Diterbitkan pada 6 Sep 2025
Di pegunungan tenggara Afganistan, seluruh desa telah rata menjadi tumpukan batu dan lumpur.
Hampir satu pekan setelah gempa bumi dahsyat mengguncang Provinsi Kunar, para penduduk masih berduka atas keluarga mereka dan mencari cara untuk bertahan hidup setelah kehilangan segalanya.
Rekomendasi Cerita
Daftar 3 item
Akhir daftar
Guncangan berkekuatan 6,0 skala Richter melanda wilayah pegunungan terpencil akhir pekan lalu, menewaskan lebih dari 2.200 jiwa.
“Para korban hanya memiliki dua pilihan, pergi, atau mati,” lapor koresponden Al Jazeera Ali Hashem dari Provinsi Kunar, episentrum gempa.
Pascagempa, gempa susulan kuat dilaporkan terjadi pada Jumat, mengakibatkan setidaknya 10 orang luka-luka, serta meningkatkan kekhawatiran akan lebih banyak lagi korban jiwa dan kehancuran.
Seorang penyintas, Gul Rahim dari Provinsi Kunar, kehilangan 63 anggota keluarganya dalam gempa ini, termasuk putri semata wayangnya yang berusia lima tahun, Fatima.
Seorang pria berusaha membersihkan puing-puing rumah yang runtuh di Mazar Dara, Provinsi Kunar, Afganistan [File: Hedayat Shah/AP Photo]
“Kami sedang tidur di rumah ketika, pada tengah malam, gempa mengguncang. Semua rumah roboh dan semua orang berteriak,” katanya kepada Al Jazeera, sembari duduk di atas reruntuhan rumahnya, dengan beberapa kantong berisi barang-barang apa saja yang berhasil dia selamatkan.
“Saya berhasil keluar, tetapi putri bungsu saya terjebak di dalam, menangis, ‘Ayah, keluarkan saya dari sini!’ Pada saat kami mencapai dia, dia sudah meninggal,” ujarnya, suaranya gemetar menahan duka.
“Dia adalah putri bungsu dan paling tersayang.”
Rahim mengatakan sekitar 100 tetangganya yang lain juga tewas dalam gempa tersebut.
“Yang tewas dan terluka tak terhitung jumlahnya.

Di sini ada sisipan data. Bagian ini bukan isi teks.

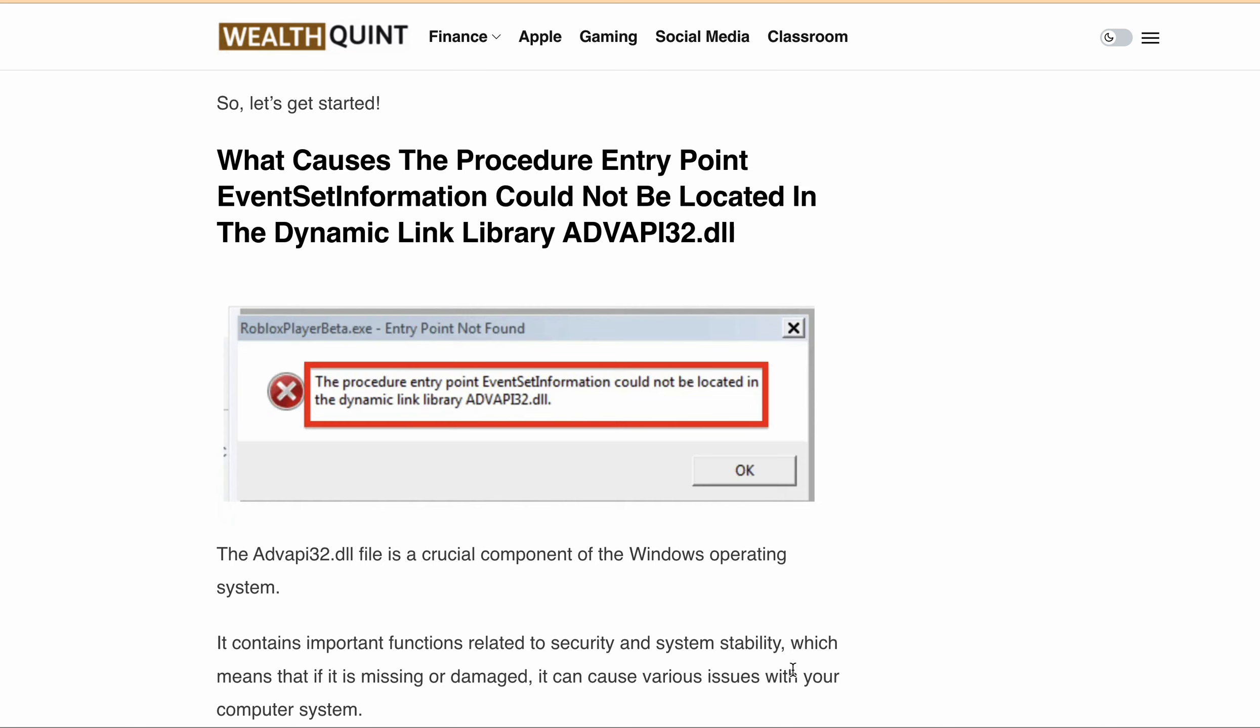Hello Roblox fans, are you facing an ADVAPI32.dll error while trying to play your favorite games on your PC? Well, you are not alone. A lot of players get this error pop-up when trying to play any game or open Roblox on their PC.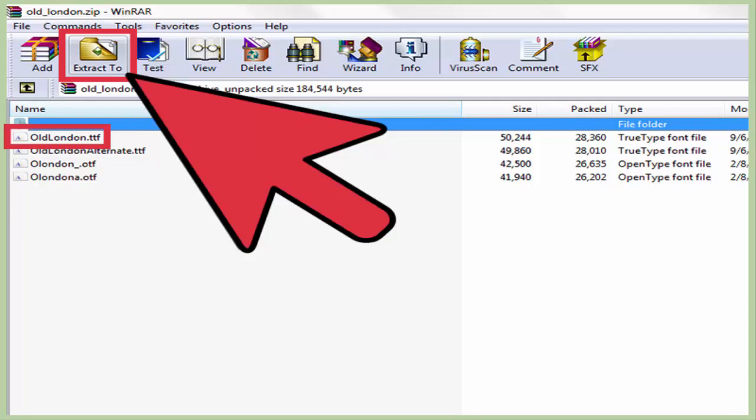The location to where you unzip can change, and you can even unzip it directly to the fonts folder. When you unzip the file to your desktop, a .ttf file appears on your desktop.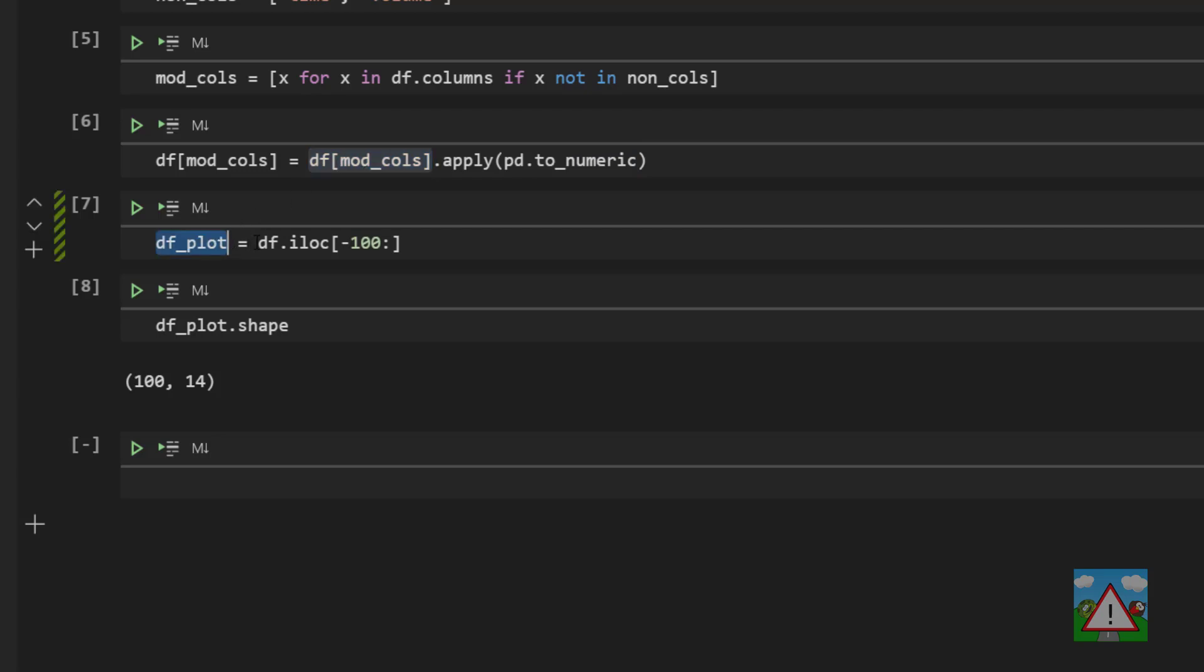In fact in general what I tend to always do is where I'm in doubt is actually force making a copy of the data so that I know I'm dealing with a copy of the data and I don't accidentally start modifying my original data.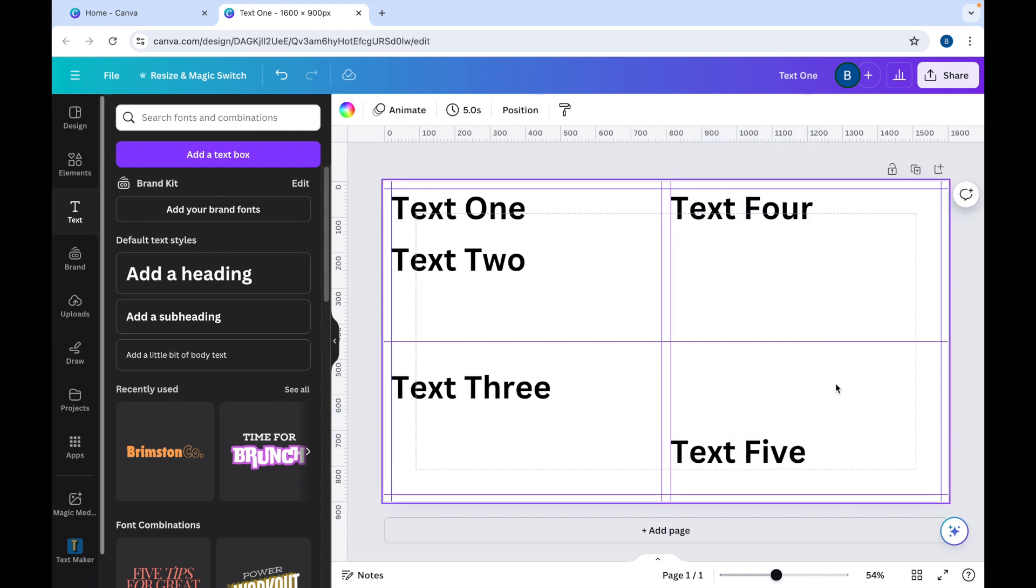So there's a few different ways that you can align text in Canva. Thank you for watching. Please do subscribe to the channel if you want to learn more about Canva, or you can click on one of the videos on the screen right now to learn more about what you can do with text.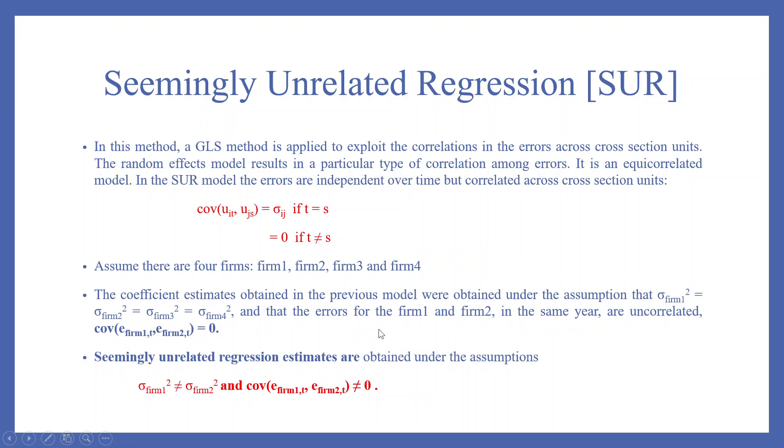The variances are equal to all the four firms and that the errors for firm 1 and 2 in the same year are uncorrelated. That is, the covariance of the error of form 1 at time period t and the error of form 2 in the same time is 0.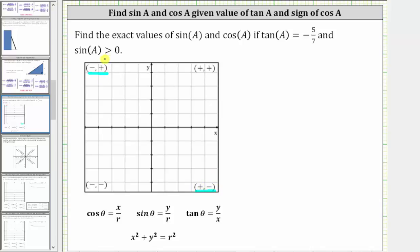But we're also told that sine a is greater than zero. Remember, sine theta is equal to y divided by r, and because r is always positive, in order for this quotient to be greater than zero, y must also be positive. This means the terminal side of angle a must be in the second quadrant, where y is positive, not in the fourth quadrant, where y is negative.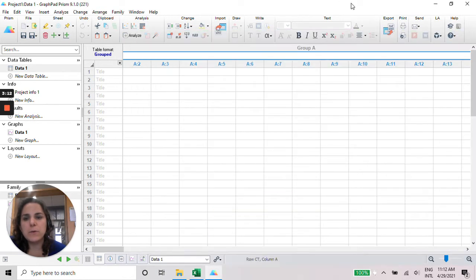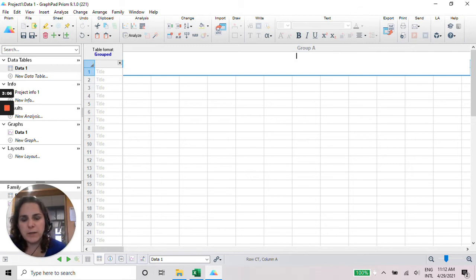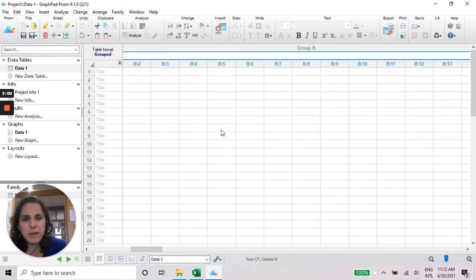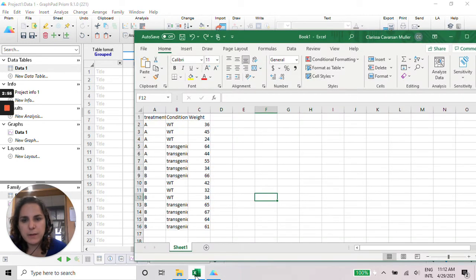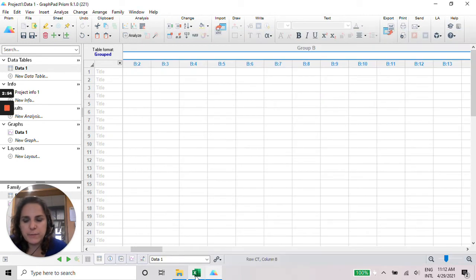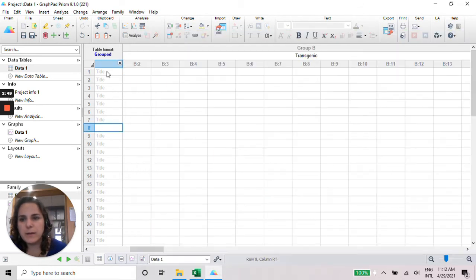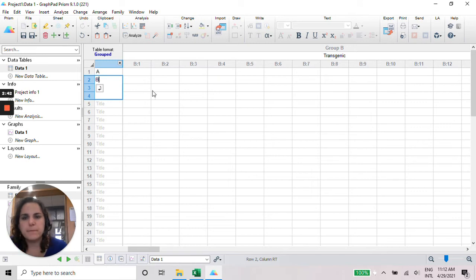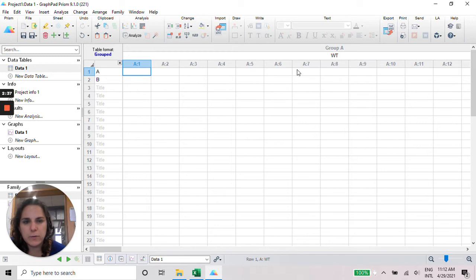So in here I can write the treatment should be treatment A or B, and condition, let's put here the condition wild type, and the next one is transgenic. And then here it's going to be the treatment A or treatment B.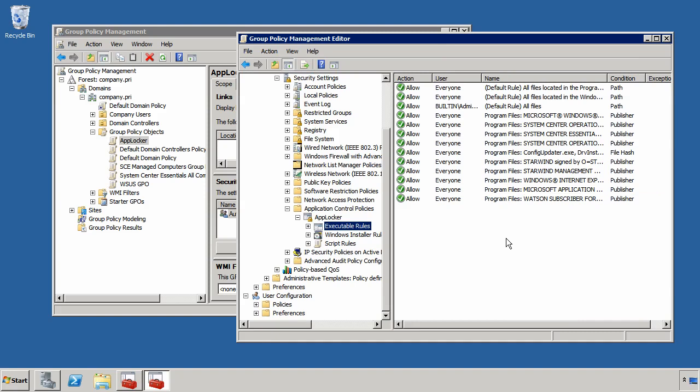And these actually allow these executables to run on the computers that are configured. Once I've done with this, I can choose any Windows installer rules or script rules as well, and then ultimately deploy this group policy to the computers in my domain.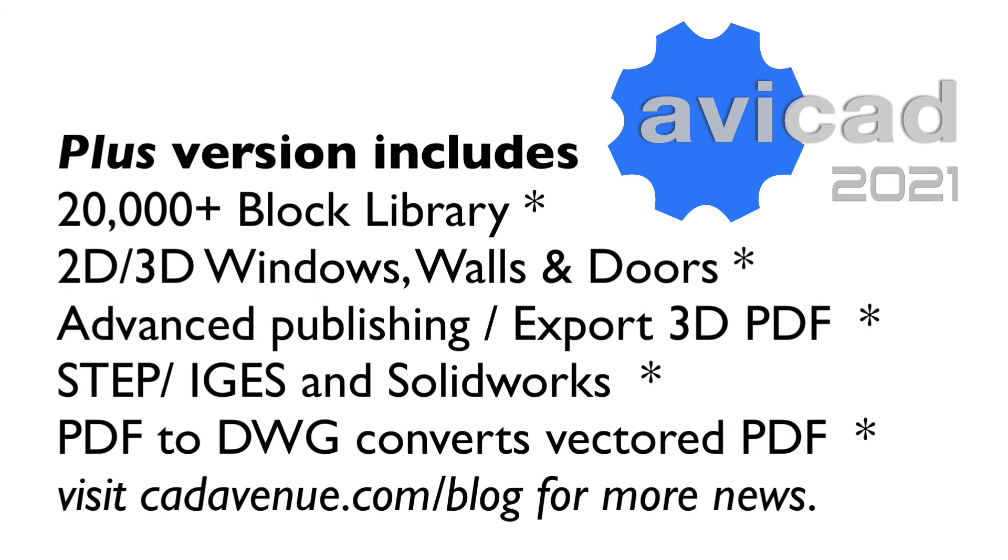So feel free to reach me at info at cad avenue.com and we'll see you in the next video.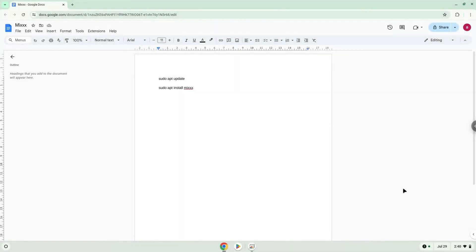Hello. Today we are looking at how to install Mix on a Chromebook. Please take note that the display of the application isn't perfect but it is working.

Gempa itu menakutkan dan membawa orang kepada keputusasaan,” tambahnya.
Mayoritas korban berasal dari Provinsi Kunar, di mana kebanyakan orang tinggal di rumah-rumah dari kayu dan bata lumpur yang dibangun di sepanjang lembah sungai curam yang dikelilingi pegunungan yang menjulang tinggi.
Organisasi Kesehatan Dunia (WHO) menyatakan per 3 September, setidaknya 6.700 rumah telah hancur.
Rahim mengatakan kepada Al Jazeera bahwa dia sekarang tinggal di tenda, dan khawatir dengan musim dingin yang mendatang karena daerah itu mengalami “curah salju yang berat”.
“Yang paling kami butuhkan adalah rumah yang layak untuk bertahan dari hawa dingin,” katanya. “Saya menyeru kepada seluruh dunia, Muslim dan non-Muslim, untuk menolong kami. Kami telah kehilangan segalanya, bahkan ternak dan ayam-ayam kami. Tidak ada yang tersisa.”
Upaya penyelamatan berlanjut
Jalanan yang berbahaya, gempa susulan yang tak henti, dan bantuan yang terbatas membuat banyak komunitas masih terisolasi.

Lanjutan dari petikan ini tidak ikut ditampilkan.